Contention City, at one time was expected to be the rival of Tombstone.  Discovered by a prospector named Hank Williams when one of his mules got away.  When he began following its trail he noted that the mule's halter chains were scraping something, and upon looking at it closely discovered that it was metallic ore.  He immediately staked a claim which later became the Contention Mine when Ed Schiefflin and Richard Gird bought him out and provided the foundation for Contention City.

The first problem that Schiefflin and Gird ran into with the mine is when they realized that water, which was not in the area of the mine, was needed to work the rich ore deposits.  For this reason Contention City and a stamp mill were established about 12 miles from the mine, on the San Pedro River, about 10 miles northwest of Tombstone.

When the town was established in 1879 "The Arizona Daily Star" wrote a series of articles on what it called "the rival of Tombstone".  In the September 23, 1879 issue this was written, "The town called Contention City has been laid out, surveyed and mapped, and the enterprising proprietors, D.T. Smith and John McDermott, are selling lots to all who desire to invest in the new city, and although it is not one week since the survey of the town was made, a number of lots have been sold and preparations to build are going on as fast as material can be had. From the very nature of things Contention City must grow and flourish even to be the rival of Tombstone".  March 4, 1880 issue notes the town's improvements.   According to the paper, Contention City was "A landscape for the pencil and fancy of an Italian painter."  "In short, we are compelled to say, that in point of strength, durability and perfection, the Contention mill stands without a rival, at least in Arizona........"  Contention City's post office was established April 6, 1880.

At its peak their were three stamp mills and they served the Tombstone mines also.

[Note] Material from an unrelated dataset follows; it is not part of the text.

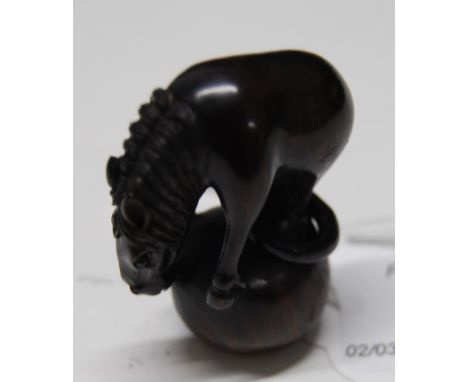 A 20thC carved wood Japanese netsuke, a study of a horse stood balanced on a sphere with a wood ring hooped around its hind l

The "Contention" Mill had 25 stamps and employed 35 men, the "Grand Central" Mill had 30 stamps and employed 35 men, and the "Head Center" or "Sunset Mill" had 10 stamps and employed 10 men.  The word "stamps" refers to the machine that was used to crush the ore into fine powder before it was sent to the smelter.  The railroad came to the town and the first passenger train reached town about January 10, 1882 - twenty years before the railroad was brought into Tombstone by way of Fairbanks.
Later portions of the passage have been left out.